TEST AND SELECTION OF THE FUTURE NATO NARROW BAND VOICE CODER

Communications Systems Division

NATO C3 Agency

2501CD, The Hague, The Netherlands

Office of INFOSEC Research and Engineering

National Security Agency

9800 Savage Road, STE 6516

Ft. George G. Meade, MD 20755-6516, USA

Abstract

This paper describes the evaluation, test and selection of STANAG 4591, the future NATO Narrow Band Voice Coder (NBVC). The paper also considers the applications and benefits of this voice coder on low rate channels, such as wireless mobile networks and the benefits of applying low rate voice coding for channels carrying mixed voice and data traffic.
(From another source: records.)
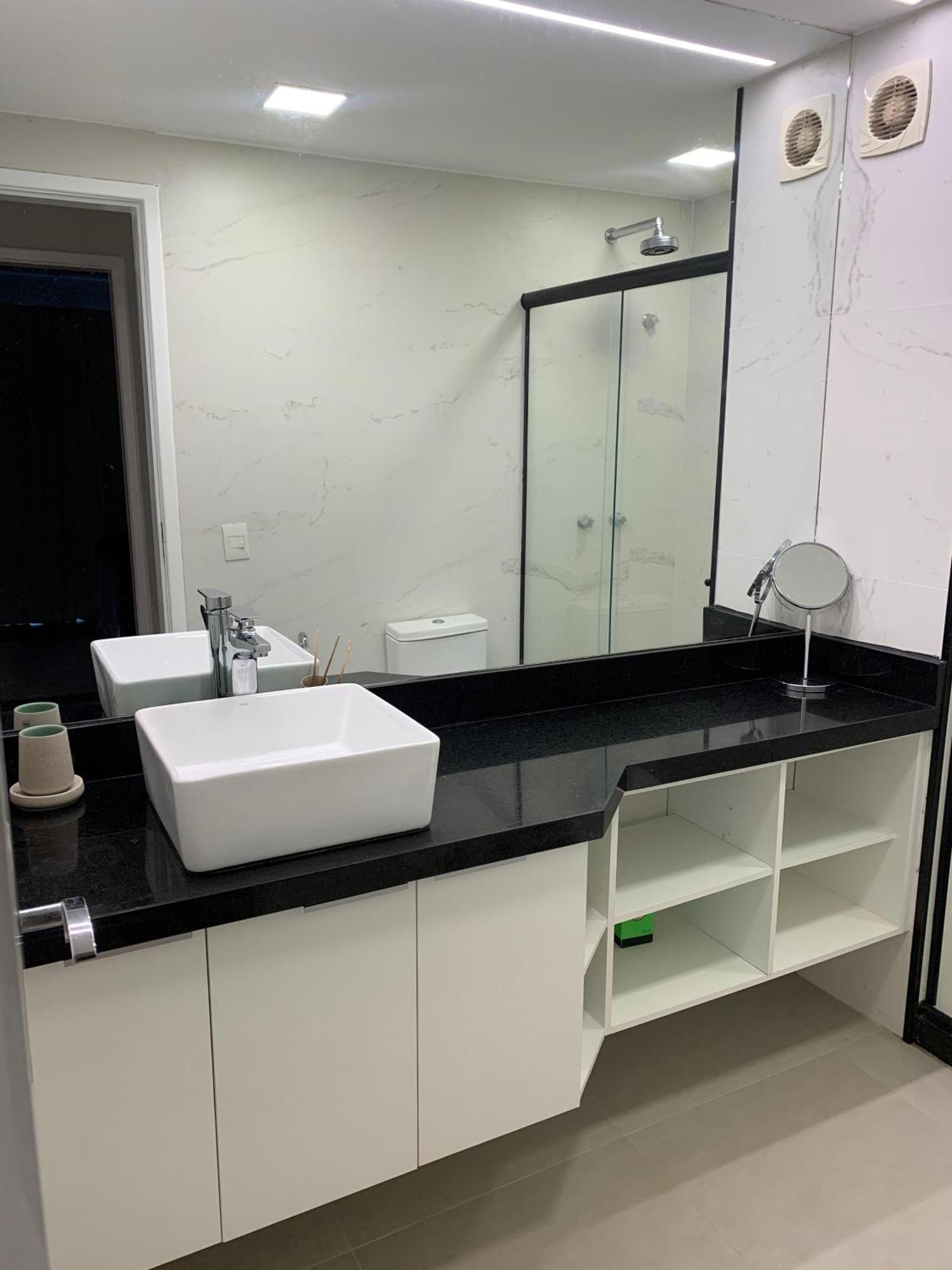 Apartment Flat Na Da Barra Da Tijuca Rio de Janeiro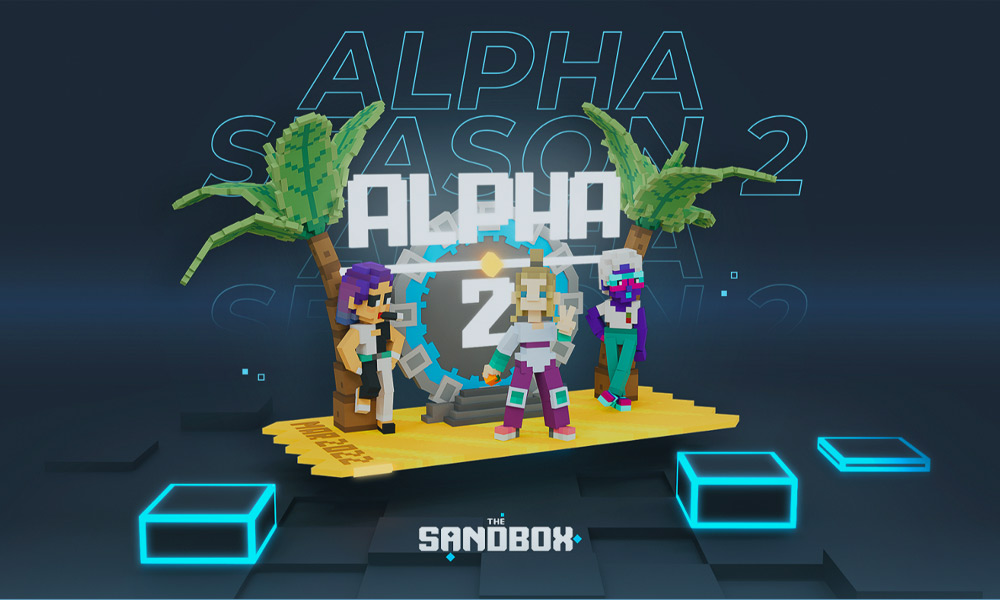 Sandbox Alpha season 3 release date predictions.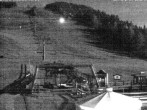 Archiv Foto Webcam Talstation Gschwandtkopf, Seefeld 03:00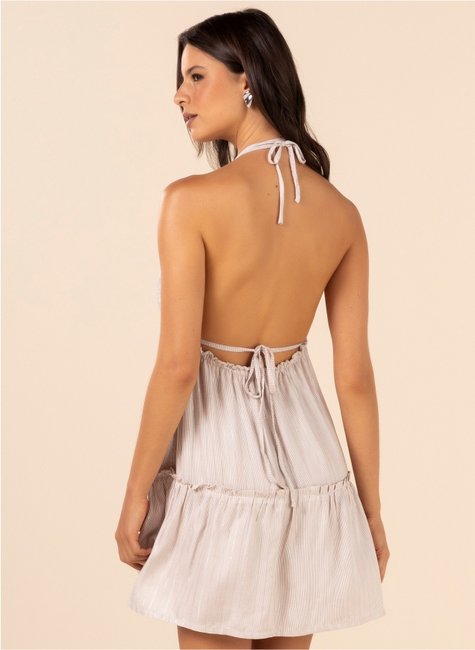 vestido curto frente unica com babado2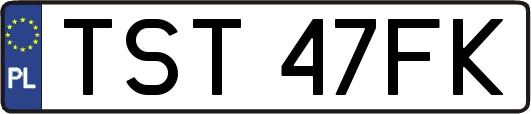 TST47FK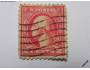 1 známka USA - 2 cents - byla nalepená *505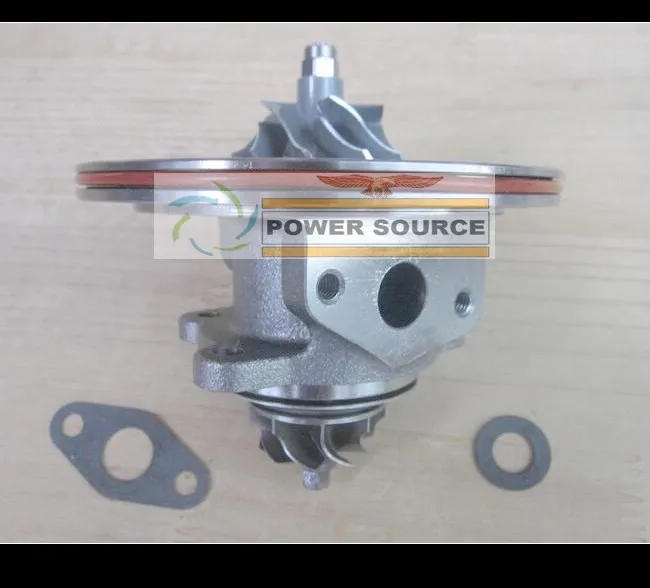Бесплатная доставка турбокартридж CHRA KP35 2 54359700000 54359700002 для NISSAN Micra Renault Megane Scenic K9K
The paper also considers the increased interoperability benefits of STANAG 4591.

STANAG 4591 will enable high performance interoperable secure speech communications in harsh acoustic and channel error environments at rates of 1.2kbps and 2.4kbp. This voice coder will enhance the quality and intelligibility of voice communications to NATO commanders in the field.

The process to select the future NATO NBVC has tested voice coders in a wide range of representative noise environments and conditions. Voice coders being tested have been submitted by NATO member nations. Of these, the voice coder, which offers the highest combined performance, will be adopted as STANAG 4591. The Ad Hoc Working Group is scheduled to make a preliminary selection of STANAG 4591 in late October 2001.

INTRODUCTION

The performance of current NATO voice coding algorithms (2.4Kbps LPC10e known as STANAG 4198 and 16Kbps CVSD known as STANAG 4209) on narrow band channels no longer represents the state-of-the-art in voice coding technology. Neither LPC10e nor CVSD provide high quality speech in benign conditions, and their performance is degraded substantially when used in the harsh acoustic environments that are typical to current NATO operations (e.g. helicopters, tracked vehicles, supersonic aircraft).

Technological advances such as powerful noise pre-processing algorithms now allow the development of voice coders with improved performance. Some of these improvements include superior performance as measured by speech intelligibility, speech quality, speaker recognizability and improved performance in both noisy acoustic and channel error conditions. Finally, the three candidate coders all exhibit superior non-native speaker intelligibility.

Advances in digital signal processing hardware allow practical implementations of high performance voice coding algorithms in user terminals. The standardisation on one of these new voice coders is essential if the element of interoperability is to be added to the technical benefits available.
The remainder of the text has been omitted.